Dal semplice presepe sul davanzale delle case, alle statue poste agli angoli delle vie e nelle piazze, dalle croci a quattro braccia delle cattedrali od a sei delle basiliche, alle piccole chiese costruite qua e là, dalle catacombe gelosamente nascoste e ben costruite, ai templi di megaliti, blocchi di pietra proiettati al cielo, ogni cosa che trovo è un filo teso al Supremo, all’Altissimo, trasmette il bisogno di credere, di avere un punto fermo, una Potenza a cui rivolgere una preghiera ed ottenere un aiuto. Non a caso 365 chiese: quotidiano segno del dialogo che dall’abisso della fragilità e della paura cerca la via della salvezza.
E se per ingannare il Diavolo sulle chiese hanno posto due orologi con un’ora diversa dall’altra vi assicuro che neppure lui avrebbe potuto ingannare la nostra guida Fabrizia, affabilmente competente e talmente precisa da non sgarrare di un minuto anche se messa a dura prova dai tentativi acrobatici di Antonia sulle scogliere e dagli inseparabili geloni di Maria.
A proposito: gli effetti benefici della Madonna di Ta’ Pinu sembra siano stati elargiti anche a noi visto che Anacleto ha riconosciuto e collaborato con le qualità diciamo “nascoste” di Antonia ed insieme hanno permesso anche a tutti noi di beffare il diavolo anticipando di un’ora i festeggiamenti per il nuovo anno.
Estraggo ora una conchiglia e lo sguardo corre verso il mare.
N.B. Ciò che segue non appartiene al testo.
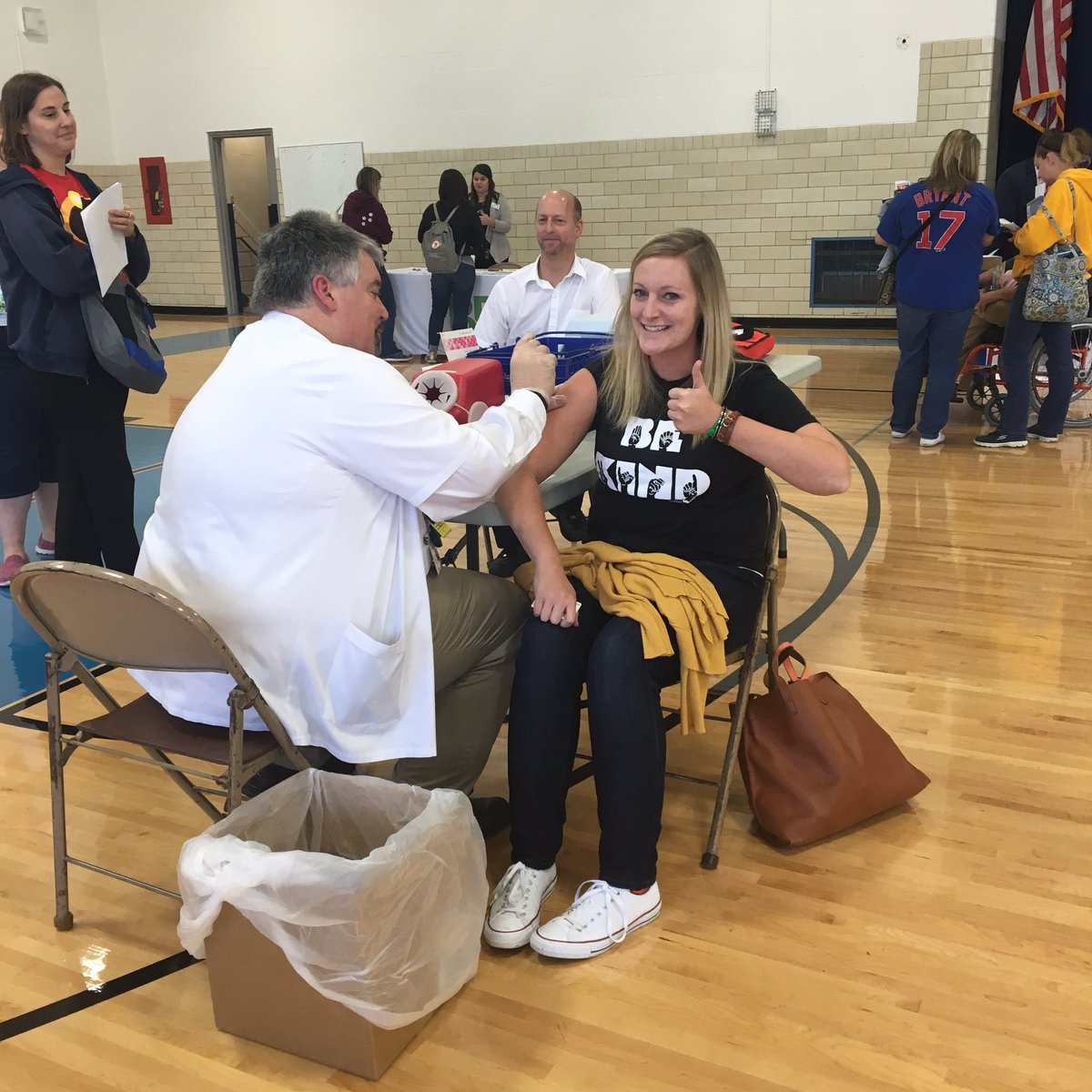 RCS_Director's tweet photo. Staying Healthy with Flu Shots, Blood Pressure Checks, Massages and more at the RCS Wellness Fair! https://t.co/Im9CBjajrv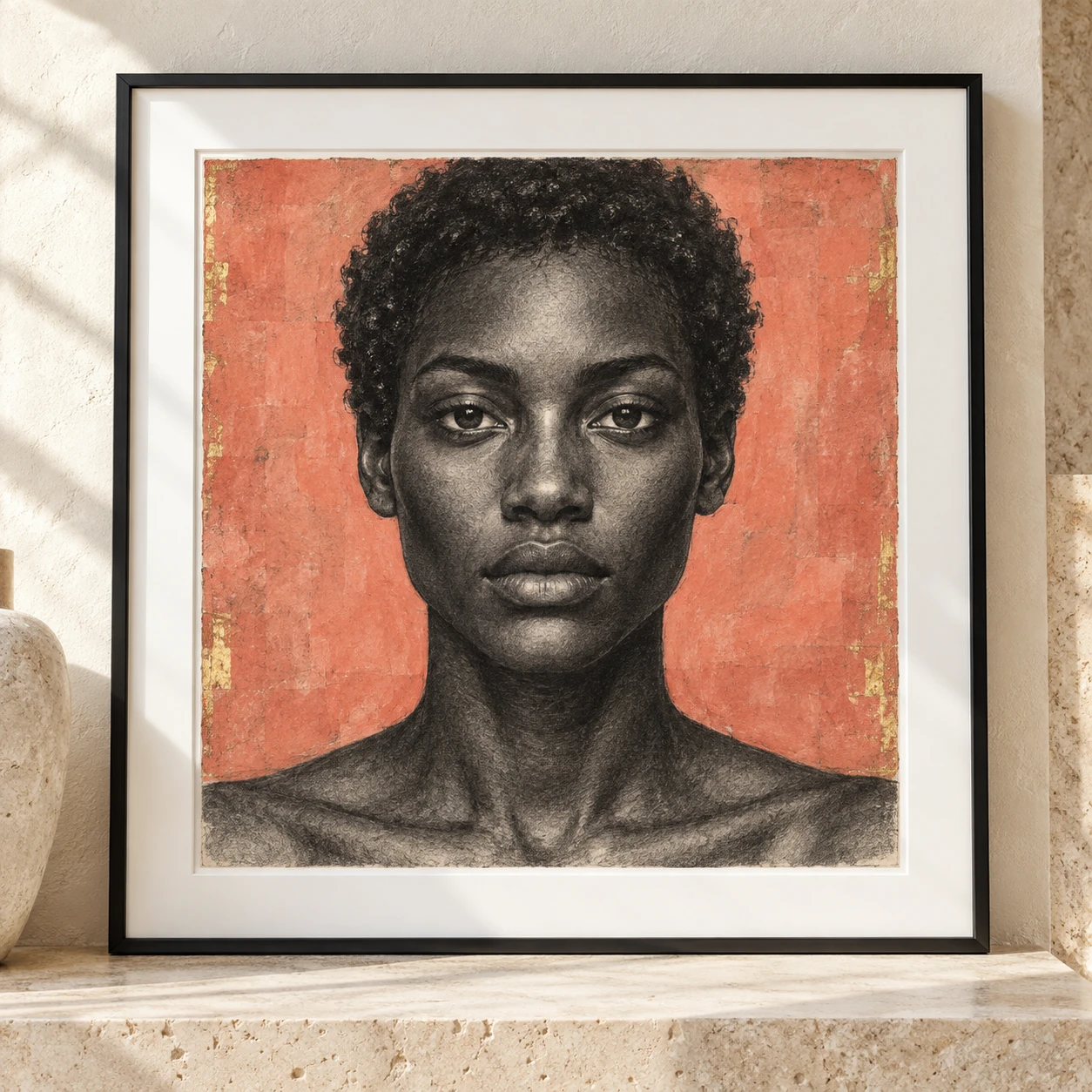 Detailed charcoal portrait of a fictional adult with dark skin against a coral backdrop, framed with a white mat and black gallery frame Detailed charcoal portrait of a fictional adult with dark skin against a coral backdrop, framed with a white mat and black gallery frame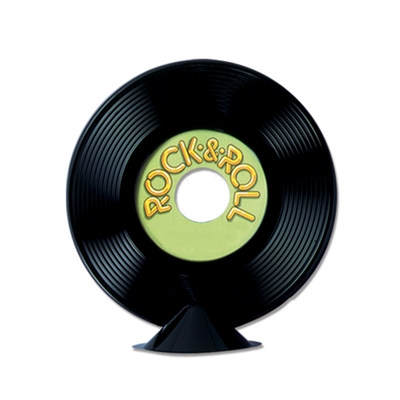 black plastic record with a green label that reads Rock & Roll that sits on the table as a centerpiece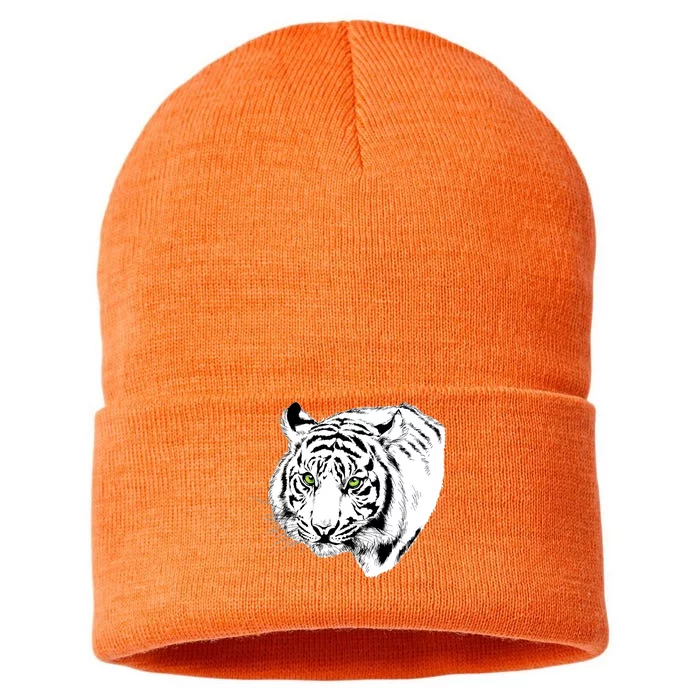 White Tiger Face Sustainable Knit Beanie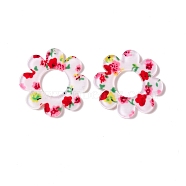 Transparent Acrylic Pendants, Flower with Flower Pattern, Red, 29.5x2mm, Hole: 1.2mm(TACR-G037-A08)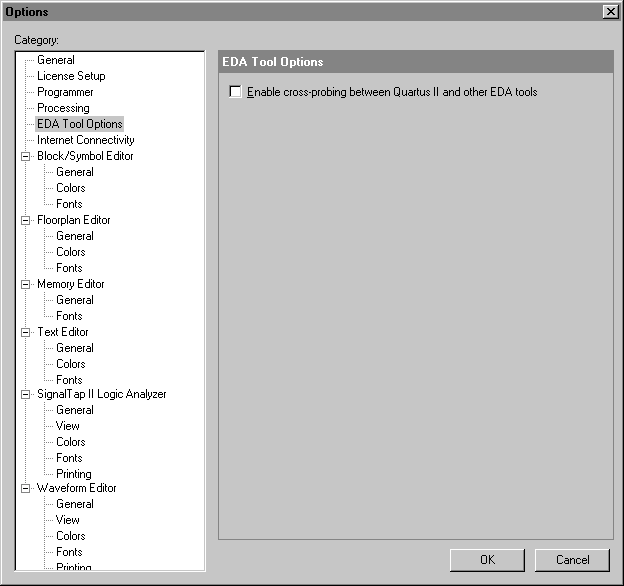 EDA Tools Options Tab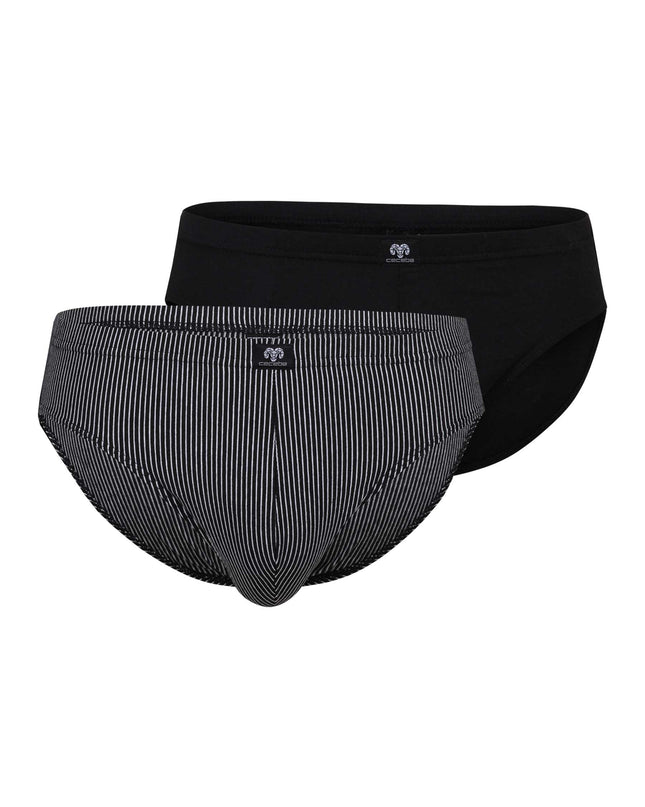 CECEBA men's briefs black vertical stripes pack of 2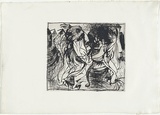 Artist: b'BOYD, Arthur' | Title: b'Embrasing figures before factory and smoking chimney.' | Date: 1960-70 | Technique: b'etching, printed in black ink, from one plate' | Copyright: b'Reproduced with permission of Bundanon Trust'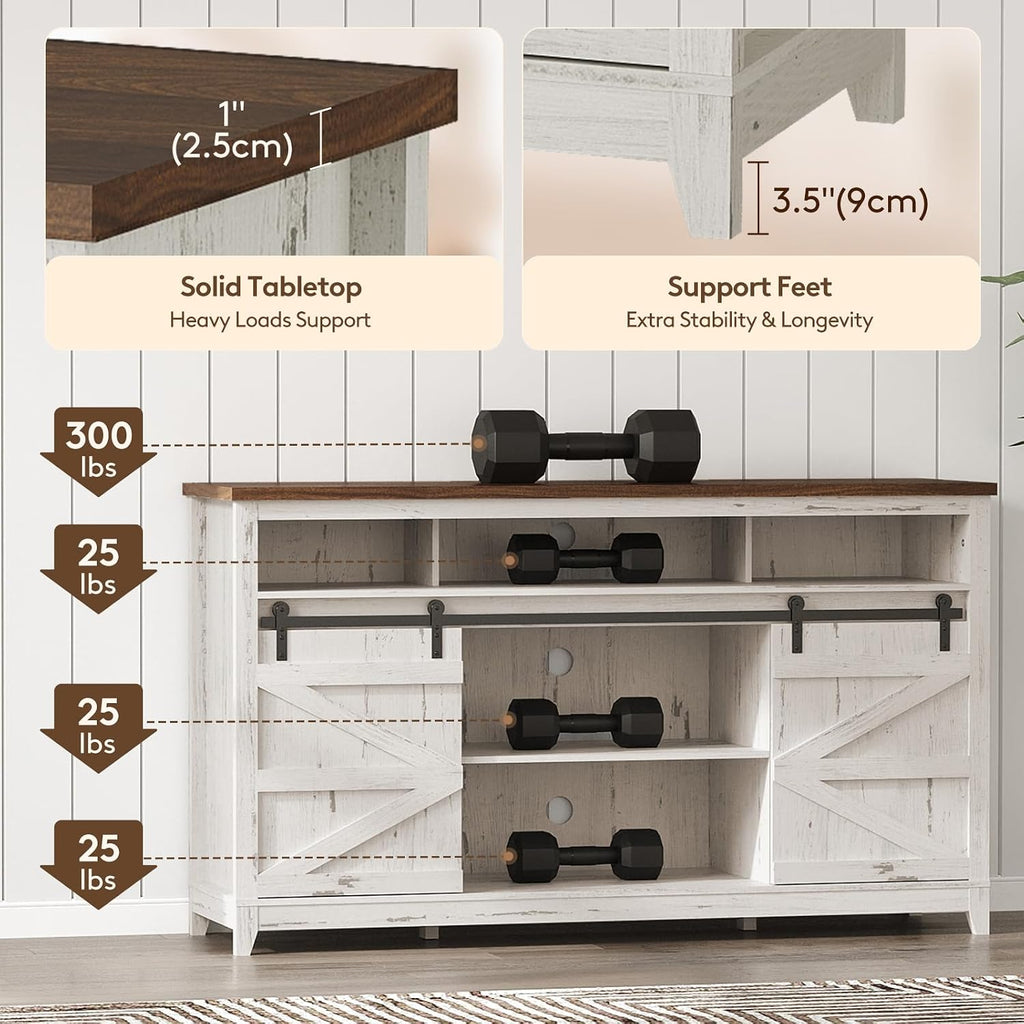 Lifewit Farmhouse TV Stand for up to 65" TV, Entertainment Center with Ajustable Shelves, Sliding Barn Door and Open Storage Spaces, TV Console for Living Room, Bedroom, Hold 300lbs, Rustic White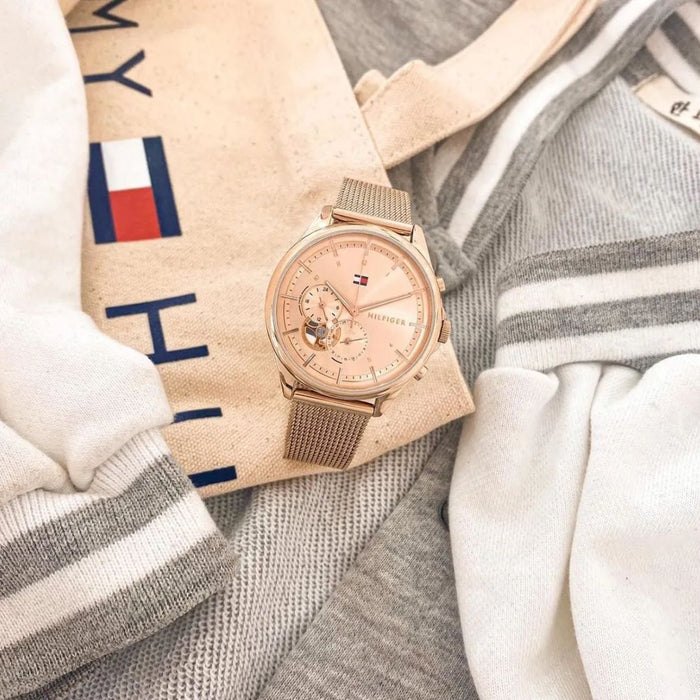 Tommy Hilfiger  Gold Multifunction Watch with Mesh Bracelet 1782486 - Authentic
Un gioiello della natura le bianche scogliere a picco, il grande arco della finestra azzurra, i vortici della voragine sulla scogliera, l’arcobaleno tra gli spruzzi e il perfetto incastro a spina di pesce delle onde; un capolavoro dell’uomo come la filigrana le scacchiere delle saline, una partita aperta con il mare per l’immagazzinamento del sale e la sopravvivenza.
C’è ancora una cosa sul fondo ed è …una colomba. Una volta libera sorvolerà sia le grandi fortezze, gendarmi del passato, che i nuovi casamenti di mattoni e cemento sorti lungo la costa, manifestazione degli interessi di oggi. Chi può dire se valga di più ciò che tra simboli e scoperte ci è stato trasmesso lungo i secoli o quello che sembra essere l’unica prospettiva del presente ossia il tornaconto.
Eppure per tutto questo tempo ed in ogni tempo il bello brilla davanti ai nostri occhi, il bene è sempre dentro il nostro cuore. Perché è così difficile apprezzare ciò che ci arriva in dono dal passato, farlo crescere nel nostro presente e scegliere per lui un futuro positivo? Forse perché da quando mettiamo i piedi su questa terra lottiamo per capire, anche se altri ci dicono di aver già capito, cerchiamo di riconoscere, anche se per altri è tutto chiaro, cerchiamo la verità, accanto a mille altre verità.
Il volo è il nostro volo ma ovunque spazi, per quanto vicino rimanga o quanti orizzonti possa oltrepassare, spero sappia sempre attingere alla propria spiritualità per portare ovunque, anche nell’errore, l’onestà della propria conoscenza.
E allora SAHHA (arrivederci) bella Malta. Noi 24 viandanti, che abbiamo goduto della tua ospitalità, della tua pulizia e delle tue ricchezze, contenti della reciproca compagnia, torniamo a casa avendo imparato che nessuno può impedirci di diventare quel grano di sale che crea la storia e ne insaporisce il cammino.